Hunter IVF donor co-ordinator Cathy Blanks said the response had been "amazing" to advertisements placed in The Herald and The Post for three couples in recent weeks.

It is illegal to pay for eggs, yet eight women responded to the first ad.

"There are so many generous people out there," Ms Blanks said.

Hunter IVF medical director Steve Raymond, who is a gynaecologist, said some couples did not have suitable donors among family and friends, and this isolation, not rising maternal age, was more often behind couples' decision to advertise.

"As the community accepts it, those isolated people who just walked away before are now exploring [other] ways," he said.

Advertising on couples' behalf would ease the strain because the clinic would find and screen donors.

Dr Raymond said almost all the clinic's couples sought eggs from family and friends, but Ms O'Connell said about 75 per cent of Sydney IVF Newcastle clients now advertised.

Dr Raymond estimated about 5 per cent of IVF babies were from donor eggs.

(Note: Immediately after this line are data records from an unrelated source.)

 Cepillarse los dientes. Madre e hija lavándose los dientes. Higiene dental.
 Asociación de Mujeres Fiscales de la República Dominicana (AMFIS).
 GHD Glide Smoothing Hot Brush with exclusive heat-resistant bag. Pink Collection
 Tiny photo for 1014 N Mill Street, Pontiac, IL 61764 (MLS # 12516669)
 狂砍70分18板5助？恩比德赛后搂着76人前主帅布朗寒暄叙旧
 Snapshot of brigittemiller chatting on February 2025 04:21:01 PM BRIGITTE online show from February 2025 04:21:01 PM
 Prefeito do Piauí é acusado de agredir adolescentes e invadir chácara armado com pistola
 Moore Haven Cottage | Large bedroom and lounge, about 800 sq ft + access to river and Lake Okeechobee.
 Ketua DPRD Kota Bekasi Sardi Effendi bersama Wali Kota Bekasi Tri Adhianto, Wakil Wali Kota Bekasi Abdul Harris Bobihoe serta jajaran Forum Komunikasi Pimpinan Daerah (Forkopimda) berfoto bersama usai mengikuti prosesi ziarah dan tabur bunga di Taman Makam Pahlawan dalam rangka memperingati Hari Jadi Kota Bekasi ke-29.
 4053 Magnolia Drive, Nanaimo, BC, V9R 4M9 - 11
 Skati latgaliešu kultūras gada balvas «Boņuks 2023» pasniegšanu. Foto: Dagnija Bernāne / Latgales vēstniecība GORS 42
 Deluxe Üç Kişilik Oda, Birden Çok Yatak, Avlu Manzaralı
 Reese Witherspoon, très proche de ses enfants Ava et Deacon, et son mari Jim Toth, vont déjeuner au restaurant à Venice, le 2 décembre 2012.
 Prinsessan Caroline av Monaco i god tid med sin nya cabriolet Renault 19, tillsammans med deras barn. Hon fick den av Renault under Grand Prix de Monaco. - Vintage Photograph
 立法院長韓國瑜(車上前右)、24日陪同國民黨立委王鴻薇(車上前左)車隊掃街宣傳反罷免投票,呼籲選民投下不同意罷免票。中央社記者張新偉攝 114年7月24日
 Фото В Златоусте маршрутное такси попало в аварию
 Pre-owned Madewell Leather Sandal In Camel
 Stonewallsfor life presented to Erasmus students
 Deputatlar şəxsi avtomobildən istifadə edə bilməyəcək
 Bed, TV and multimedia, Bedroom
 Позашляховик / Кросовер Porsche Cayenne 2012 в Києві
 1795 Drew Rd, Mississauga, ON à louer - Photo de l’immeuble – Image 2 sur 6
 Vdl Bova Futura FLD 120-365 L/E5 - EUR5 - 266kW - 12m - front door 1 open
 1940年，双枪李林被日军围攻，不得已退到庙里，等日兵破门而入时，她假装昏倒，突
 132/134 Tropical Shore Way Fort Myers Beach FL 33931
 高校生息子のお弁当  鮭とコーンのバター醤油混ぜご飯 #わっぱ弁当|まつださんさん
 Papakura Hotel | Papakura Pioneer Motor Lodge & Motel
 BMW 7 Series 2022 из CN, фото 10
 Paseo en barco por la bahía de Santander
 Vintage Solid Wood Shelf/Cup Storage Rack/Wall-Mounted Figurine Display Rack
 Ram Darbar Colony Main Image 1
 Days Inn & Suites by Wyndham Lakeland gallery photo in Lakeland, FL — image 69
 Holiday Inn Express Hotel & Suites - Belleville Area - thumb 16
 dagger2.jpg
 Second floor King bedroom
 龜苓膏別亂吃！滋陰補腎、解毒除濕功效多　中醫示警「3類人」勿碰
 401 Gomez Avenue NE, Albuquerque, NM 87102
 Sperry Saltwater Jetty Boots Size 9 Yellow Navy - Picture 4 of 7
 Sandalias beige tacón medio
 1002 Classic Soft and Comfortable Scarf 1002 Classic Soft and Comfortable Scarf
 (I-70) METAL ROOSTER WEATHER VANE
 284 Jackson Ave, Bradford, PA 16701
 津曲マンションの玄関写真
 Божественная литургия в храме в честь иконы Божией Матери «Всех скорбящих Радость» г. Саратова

About one in 35 Australian babies are IVF conceived, a rate rising 5 to 8 per cent annually.

Finding an anonymous local donor has long been difficult.

Anonymous egg donation could soon be illegal under draft NSW legislation.

HOW GIVING WORKS

1 You will be tested for diseases such as HIV, hepatitis and cystic fibrosis.

2 A hormone is taken daily to suppress your cycle.

3 Daily injections overstimulate the ovaries.

4 A blood test and a scan check the ovaries. When ready a "trigger" injection starts ovulation maturation.

5 Eggs are collected under a sedation anaesthetic.